We had an incident at State Cup where our goal keeper, mad at himself for some bad play, shouted in frustration a profanity. The referee ran up and showed him the yellow at which point he exploded. The referee gave him a few seconds to vent during which time players, coaches and parents were shouting to the keeper to "Shut the ____ up!" and other pithy admonishments. If the swear words had been paper plates thrown on the field we would have required a bull dozer to clean up. Finally everyone calmed down, the referee warned him that another outburst would lead to a second yellow, and the teams returned to play. The next punt by our keeper went out of bounds, he screamed at the top of his lungs the very word that would insure he would be kicked out, and the crowd again went wild with their vulgarities. The players were thirteen.   As the keeper trudged off the field to the sidelines the coach shouted, "If you ever ____ do that again, I'll ____ kick you off the team," showing once again why the adage "do as I say" was invented.

As an English professor, I really hate hearing this descent into crudity. I know it has always been around, and I also know that at the right moment, in the right context, it can be used to great effect. But generally swearing only proves how limited we are in our imaginations when it comes to voicing an opinion. Dipping into the well of profanity at the first spike of anger means that we've already gone to the extreme and now have no further verbal punctuation to underscore our point. So we tend to use the same word over and over just getting louder and louder in hopes it will intensify the worth of our stance with vociferous repetition. We really should demand more of ourselves and also demand more of those to whom we entrust our children. We'd never tolerate a teacher talking to students the way a number of coaches talk to our players. Nor would we tolerate parents or pupils using rough language. Why do we accept it on the pitch?

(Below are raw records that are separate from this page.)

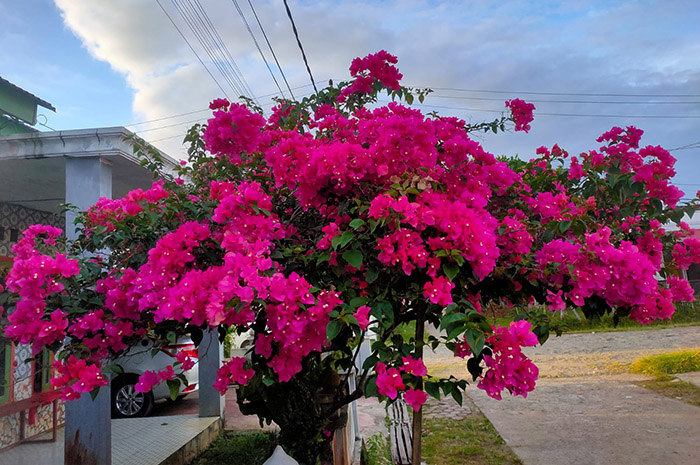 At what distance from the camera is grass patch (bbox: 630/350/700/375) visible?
840 centimetres

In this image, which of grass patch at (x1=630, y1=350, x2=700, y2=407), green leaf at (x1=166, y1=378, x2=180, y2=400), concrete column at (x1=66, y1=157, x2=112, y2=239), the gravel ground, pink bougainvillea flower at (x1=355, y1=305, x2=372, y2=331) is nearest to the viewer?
pink bougainvillea flower at (x1=355, y1=305, x2=372, y2=331)

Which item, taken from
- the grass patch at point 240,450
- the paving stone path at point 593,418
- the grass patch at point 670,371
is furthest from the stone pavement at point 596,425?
the grass patch at point 240,450

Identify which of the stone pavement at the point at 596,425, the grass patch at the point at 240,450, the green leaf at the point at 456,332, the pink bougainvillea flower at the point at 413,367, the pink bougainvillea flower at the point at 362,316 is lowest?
the stone pavement at the point at 596,425

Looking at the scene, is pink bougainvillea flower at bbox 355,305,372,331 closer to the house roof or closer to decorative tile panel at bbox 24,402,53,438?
decorative tile panel at bbox 24,402,53,438

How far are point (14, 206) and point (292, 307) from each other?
480 cm

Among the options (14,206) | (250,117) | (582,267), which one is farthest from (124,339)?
(14,206)

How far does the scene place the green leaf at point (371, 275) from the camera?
157 centimetres

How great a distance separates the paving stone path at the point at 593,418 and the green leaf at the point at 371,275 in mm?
3715

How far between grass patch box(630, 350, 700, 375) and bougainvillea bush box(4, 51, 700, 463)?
7.49 meters

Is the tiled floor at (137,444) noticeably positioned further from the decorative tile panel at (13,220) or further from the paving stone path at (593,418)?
the paving stone path at (593,418)

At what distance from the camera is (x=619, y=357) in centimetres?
1014

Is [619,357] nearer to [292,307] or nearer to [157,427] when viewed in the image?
[157,427]

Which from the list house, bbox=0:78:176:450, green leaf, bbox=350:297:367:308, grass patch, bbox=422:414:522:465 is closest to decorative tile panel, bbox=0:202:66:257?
→ house, bbox=0:78:176:450

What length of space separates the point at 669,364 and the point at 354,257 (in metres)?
9.05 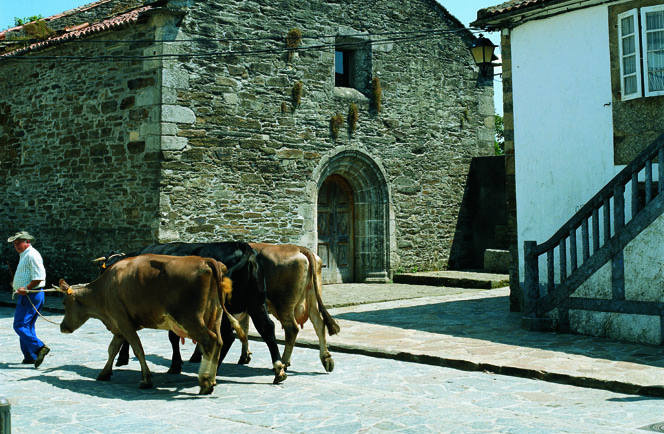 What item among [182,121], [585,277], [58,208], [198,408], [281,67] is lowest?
[198,408]

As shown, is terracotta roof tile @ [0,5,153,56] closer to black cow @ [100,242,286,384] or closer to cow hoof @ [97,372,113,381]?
black cow @ [100,242,286,384]

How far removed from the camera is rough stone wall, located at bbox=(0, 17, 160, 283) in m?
15.6

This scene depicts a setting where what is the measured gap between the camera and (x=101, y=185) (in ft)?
53.8

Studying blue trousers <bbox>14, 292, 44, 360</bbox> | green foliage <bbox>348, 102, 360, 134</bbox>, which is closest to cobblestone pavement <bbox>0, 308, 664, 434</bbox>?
blue trousers <bbox>14, 292, 44, 360</bbox>

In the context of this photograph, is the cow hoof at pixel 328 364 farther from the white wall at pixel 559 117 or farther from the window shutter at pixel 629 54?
the window shutter at pixel 629 54

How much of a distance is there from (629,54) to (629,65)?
0.52 feet

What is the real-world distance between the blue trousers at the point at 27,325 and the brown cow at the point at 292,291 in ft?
7.87

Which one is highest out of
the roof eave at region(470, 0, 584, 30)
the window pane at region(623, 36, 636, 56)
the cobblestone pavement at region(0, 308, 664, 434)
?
the roof eave at region(470, 0, 584, 30)

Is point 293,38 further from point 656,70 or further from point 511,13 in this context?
point 656,70

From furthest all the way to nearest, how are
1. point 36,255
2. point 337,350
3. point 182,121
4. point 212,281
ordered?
point 182,121 < point 337,350 < point 36,255 < point 212,281

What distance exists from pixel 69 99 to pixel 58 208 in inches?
97.2

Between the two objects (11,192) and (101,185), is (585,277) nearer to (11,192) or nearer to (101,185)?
(101,185)

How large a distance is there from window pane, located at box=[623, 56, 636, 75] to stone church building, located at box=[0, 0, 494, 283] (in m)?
8.02

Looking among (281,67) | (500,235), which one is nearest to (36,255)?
(281,67) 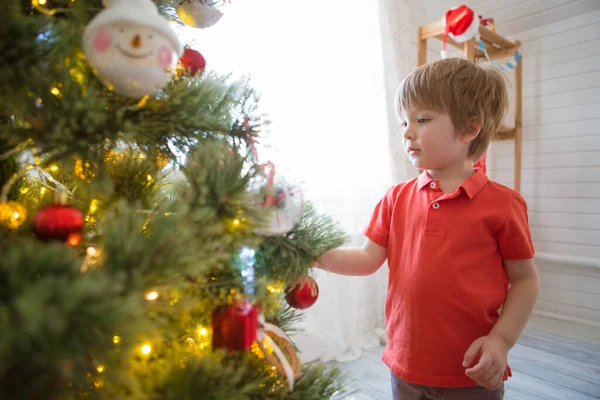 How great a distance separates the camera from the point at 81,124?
0.36 m

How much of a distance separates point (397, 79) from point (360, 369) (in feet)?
4.58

Experienced professional coaches have played in adult leagues and coached adult players meaning they are used to adult language. We all tend to turn a deaf ear to their saltier expletives because we feel grateful to have such strong coaching for our children. But we shouldn't. There's a level of decorum and civility that must exist in youth sports for as long as possible. If coaches get away with swearing during practice then it's no wonder their players get yellow cards for swearing at the referees during a game. If referees sprinkle their remarks to a coach with a few bombs, then how can they turn around and issue those yellow cards to the players for language? Swearing has become the knee-jerk reaction to nearly any situation, even positive ones. We express ourselves without any restriction because we don't think about what we're saying or the company in which we're saying it. We've become immune to how sharp, insulting, and ugly swearing can be.

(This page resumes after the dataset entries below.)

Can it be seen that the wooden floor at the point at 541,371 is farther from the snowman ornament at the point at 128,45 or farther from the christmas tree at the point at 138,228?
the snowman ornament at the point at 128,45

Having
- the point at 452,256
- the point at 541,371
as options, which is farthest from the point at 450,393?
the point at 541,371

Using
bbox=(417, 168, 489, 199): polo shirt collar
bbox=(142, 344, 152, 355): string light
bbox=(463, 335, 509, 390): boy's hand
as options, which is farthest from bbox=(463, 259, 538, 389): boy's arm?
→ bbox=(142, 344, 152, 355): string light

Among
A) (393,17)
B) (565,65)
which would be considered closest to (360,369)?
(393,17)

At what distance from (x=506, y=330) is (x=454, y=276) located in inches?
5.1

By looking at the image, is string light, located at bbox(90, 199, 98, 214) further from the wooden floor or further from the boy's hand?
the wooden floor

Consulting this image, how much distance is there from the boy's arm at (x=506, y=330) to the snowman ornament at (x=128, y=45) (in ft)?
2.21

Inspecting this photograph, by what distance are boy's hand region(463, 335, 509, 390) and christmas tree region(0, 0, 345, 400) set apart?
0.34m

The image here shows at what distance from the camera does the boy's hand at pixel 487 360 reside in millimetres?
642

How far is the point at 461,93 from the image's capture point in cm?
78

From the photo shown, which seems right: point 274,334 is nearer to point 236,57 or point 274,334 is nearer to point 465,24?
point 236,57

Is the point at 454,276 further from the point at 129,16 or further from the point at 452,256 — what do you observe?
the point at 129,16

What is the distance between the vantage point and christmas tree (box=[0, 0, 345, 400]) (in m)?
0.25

Hopefully we can all agree to police our own language and refuse to tolerate bad language from those to whom we entrust our children. We should be capable enough to control our verbal outbursts. While some people may not see a problem with swearing, dismissing it as "that's the way it is," most parents don't want their kids introduced to that language so young and then viewing it as normal and acceptable discourse. And as parents, coaches, and referees we have a responsibility to respect that expectation. It's really a pretty simple thing to stop swearing if we're willing to be accountable for what comes out of our mouths. We just need to swear to do it!